Assim como boa parte das fintechs que atuam com crédito, o risco deveria ter sido repassado ao mercado. Ou seja, a Stone deveria ter vendido a carteira concedida para investidores. A estrutura já está montada para ser dessa forma, pois os direitos ficam dentro de um fundo. Mas não ocorreu assim na prática. Bancos e Fintechs que atuam nesse segmento vão funcionar como usinas de ativos ligados a crédito, haverá uma esteira de produção — ou seja, será contínua. O interesse pelos ativos de cada um dos players vai variar conforme a capacidade de cada um de gerar ativos de melhor ou pior qualidade.
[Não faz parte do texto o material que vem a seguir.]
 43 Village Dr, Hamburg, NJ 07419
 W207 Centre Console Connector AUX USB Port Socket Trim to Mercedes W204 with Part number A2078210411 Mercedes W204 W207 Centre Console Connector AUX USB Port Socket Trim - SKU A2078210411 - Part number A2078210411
Quando tudo estiver funcionando normalmente, o risco ficará dentro de uma companhia que não será consolidada pela StoneCo — a Stone Capital. Nessa empresa, haverá “funding”, ou seja, recursos de investidores, que são os compradores das carteiras.
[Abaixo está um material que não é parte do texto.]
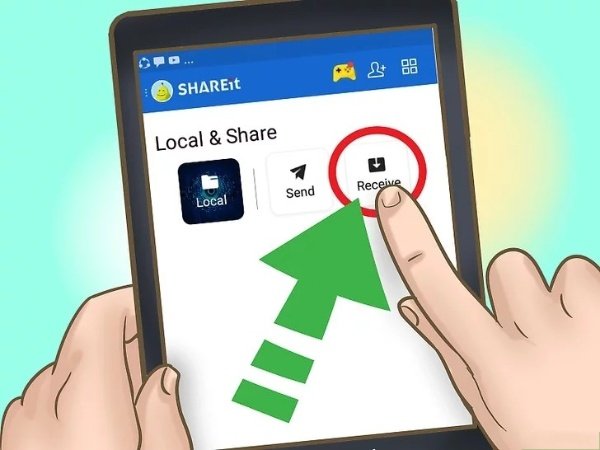 Mở SHAREit trên máy tính bảng, sau đó nhấn vào Receive.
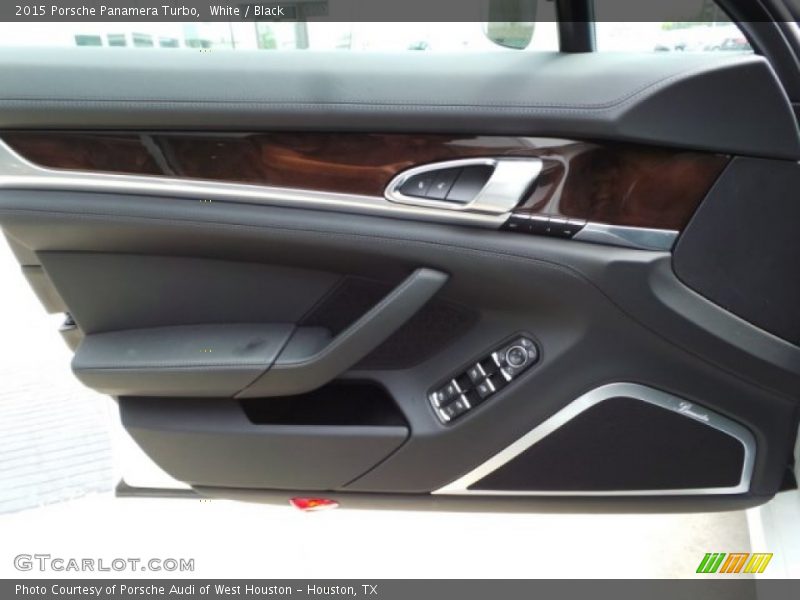 Door Panel of 2015 Panamera Turbo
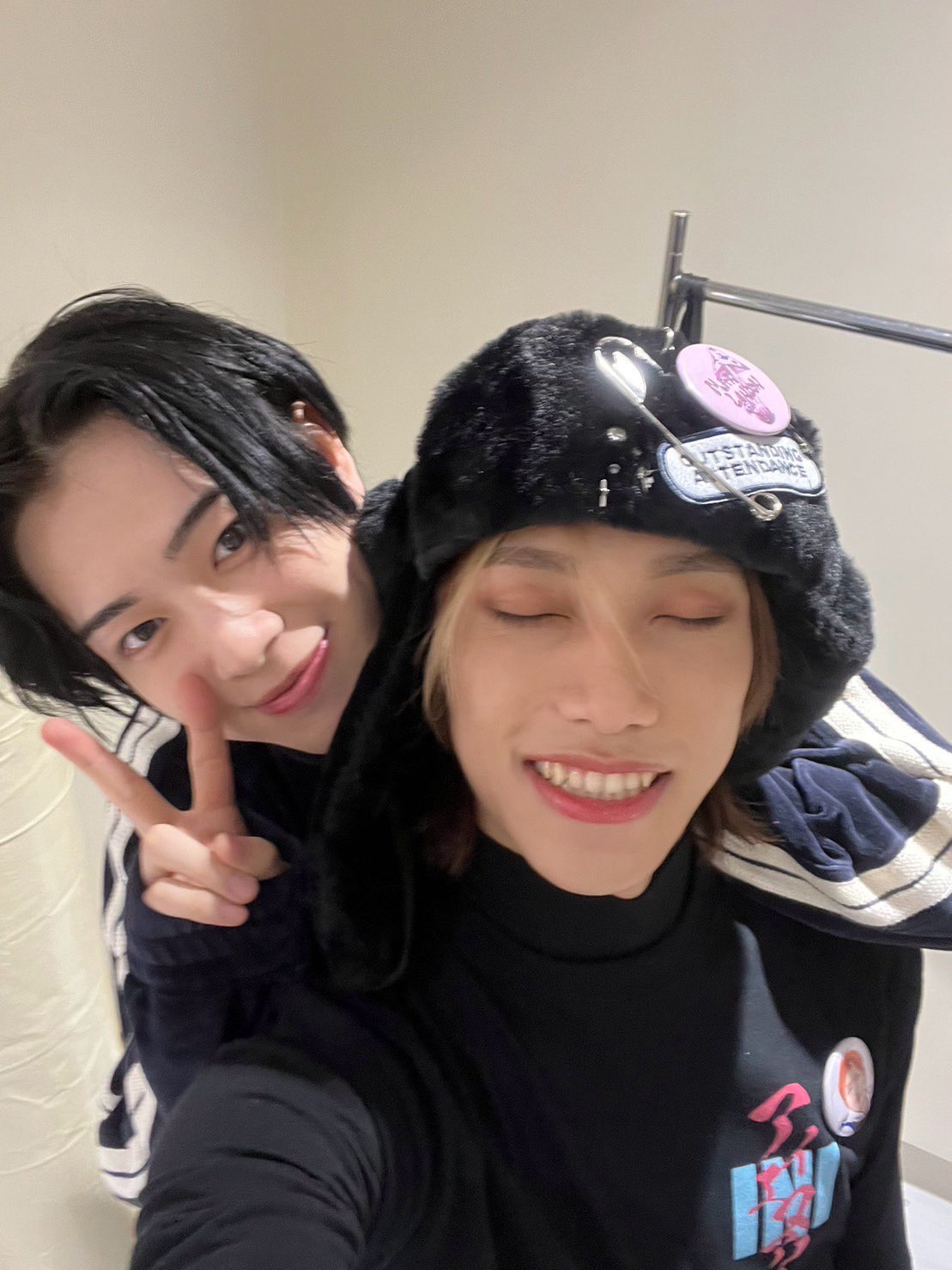 F--76ShawAAuUoC?format=jpg&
Dois outros pontos que Street está reforçando: não haverá possibilidade de fornecimento de crédito sem que o cliente tenha conta bancária com a empresa, o que traz mais segurança ao processo, e também não haverá mais dinheiro sem garantias. Ponto. Esse foi o aprendizado do processo. No segundo trimestre, a empresa registrou recorde de adesão ao Stone banking, que alcançou uma base total de 340 mil usuários.
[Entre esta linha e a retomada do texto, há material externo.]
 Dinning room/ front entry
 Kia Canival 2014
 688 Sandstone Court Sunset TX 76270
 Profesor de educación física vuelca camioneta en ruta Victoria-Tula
Mas ele reforça que a empresa não mudou em nada nem a vocação para o crédito, nem a perspectiva de que terá uma grande acurácia na capacidade de análise de dados. Esse foi um dos motivos da compra da Linx, que dará um acesso a dados muito mais profundo do que apenas as maquinhas.
O crescimento da base de clientes e do TPV, portanto, significamente que o aquário da companhia para o crédito está cada dia mais cheio de peixes.
A visão que Street têm transmitido aos investidores é que, dentro de poucos anos, não haverá praticamente mais diferença entre bancos e as companhias de meios de pagamento. “No futuro, todos os players estarão misturados”, diz ele sobre o desenho que se vê no setor. Banco Inter, Stone, PagSeguro, Banco Pan (do mesmo grupo de controle da Exame), até mesmo iFood, Mercado Livre, e os demais estarão todos no mesmo barco, disputando os mesmos clientes em várias situações.
“Haverá inclinações de negócios diferentes, com diferentes capacidades e regulações, aqui e acolá, ajustadas a cada atuação”, diz um dos gestores de recursos com o qual o fundador da Stone conversou.
Conta bancária, cartão, PIX, transações, boletos e crédito vão estar na oferta de cada um desses participantes do mercado. Para o brasileiro, finalmente a perspectiva de crédito, queda do spread e bancarização. Mas, ao que tudo indica, para tudo funcionar azeitadamente, o BC vai ter que dar um empurrão na estruturação da mecânica e na interoperabilidade dos sistemas todos.